Dr. Avitan got her Ph.D. in Computational Neuroscience from Bar-Ilan University, Israel. She did her postdoc at the Queensland Brain Institute in Australia. Dr. Avitan is ELSC’s newest woman recruit. “My research focuses at the system level,” she said, “where we ask how neural circuits function in large-scale brain networks to produce functions such as perception and behavior.”

In particular, Dr. Avitan appreciates the interdisciplinary nature of neuroscience. “It keeps me constantly learning new theories and techniques,” she said. “It provides the opportunity to discuss challenges with people from different disciplines, and it always brings to the table new insights and points of view.” Dr. Avitan, who studied computer science, statistics, theoretical neuroscience and neuroethology throughout her academic career, brings all these tools together in her interdisciplinary research: “Today in my lab we are combining it all, we are recording neural activity from thousands of neurons, and use computational, statistical and mathematical tools to analyze the data and undercover the underlying neural mechanism driving different types of behavior.”
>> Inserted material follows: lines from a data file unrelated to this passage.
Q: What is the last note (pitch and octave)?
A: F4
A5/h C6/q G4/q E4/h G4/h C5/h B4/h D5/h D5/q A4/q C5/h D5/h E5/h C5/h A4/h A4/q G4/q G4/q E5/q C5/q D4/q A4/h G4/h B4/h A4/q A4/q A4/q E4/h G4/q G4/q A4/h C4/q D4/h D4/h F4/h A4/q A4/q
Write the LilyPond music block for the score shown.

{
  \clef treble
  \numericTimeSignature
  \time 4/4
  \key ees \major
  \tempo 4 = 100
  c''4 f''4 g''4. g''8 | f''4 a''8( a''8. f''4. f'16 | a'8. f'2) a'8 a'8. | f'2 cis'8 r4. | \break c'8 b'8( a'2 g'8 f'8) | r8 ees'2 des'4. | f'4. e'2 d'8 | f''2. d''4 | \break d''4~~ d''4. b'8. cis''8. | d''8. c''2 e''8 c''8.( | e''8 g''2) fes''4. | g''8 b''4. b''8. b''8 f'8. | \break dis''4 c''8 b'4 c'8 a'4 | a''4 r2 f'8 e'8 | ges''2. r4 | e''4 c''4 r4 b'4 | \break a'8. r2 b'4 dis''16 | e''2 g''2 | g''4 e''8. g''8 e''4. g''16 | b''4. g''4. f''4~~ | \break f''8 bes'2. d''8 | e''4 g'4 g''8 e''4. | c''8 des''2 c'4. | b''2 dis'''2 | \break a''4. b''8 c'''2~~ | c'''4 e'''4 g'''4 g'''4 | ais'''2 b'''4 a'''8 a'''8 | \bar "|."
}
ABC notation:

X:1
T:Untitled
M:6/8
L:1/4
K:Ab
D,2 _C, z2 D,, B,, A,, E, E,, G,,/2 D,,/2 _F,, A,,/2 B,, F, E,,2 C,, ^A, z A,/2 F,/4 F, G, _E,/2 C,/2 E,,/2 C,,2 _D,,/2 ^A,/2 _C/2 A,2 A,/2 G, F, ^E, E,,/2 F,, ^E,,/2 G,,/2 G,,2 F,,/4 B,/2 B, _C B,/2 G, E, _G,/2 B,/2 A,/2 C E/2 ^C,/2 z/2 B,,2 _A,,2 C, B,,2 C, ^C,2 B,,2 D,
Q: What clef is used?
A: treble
Dr. Avitan has the following advice for any student interested in science: “First, no matter what, and it will get tough at times, do not lose your passion for science. Second, challenge your comfort zone, be open to opportunities, expand yourself, and grow. Third, seek for your role models, mentors and support group of colleagues and friends. They are crucial.” And last but not least, “Surround yourself with excellent people and colleagues who intellectually challenge you.”

“Working memory”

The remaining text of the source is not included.